BEGIN Given data
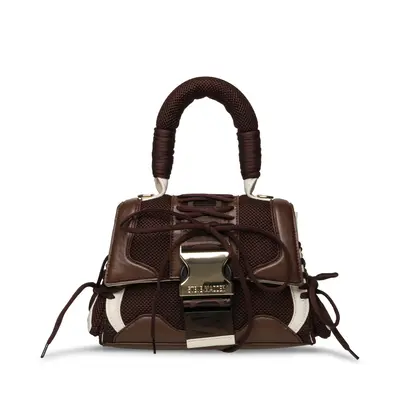 STEVE MADDEN Bdiego-M bag COFFEE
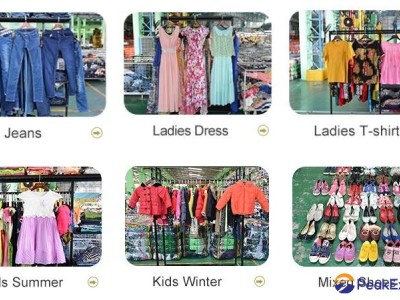 cheap price clean used man woman shoes bulk high quality mix used shoe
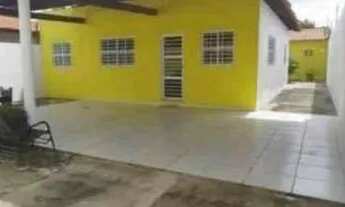 Imagem 7: Casa para venda possui 150 metros quadrados com 2 quartos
END Given data
**Your assignment**
Set down the material above exactly as written, but not the pictures.

**Written answer**
 STEVE MADDEN Bdiego-M bag COFFEE
 cheap price clean used man woman shoes bulk high quality mix used shoe
 Imagem 7: Casa para venda possui 150 metros quadrados com 2 quartos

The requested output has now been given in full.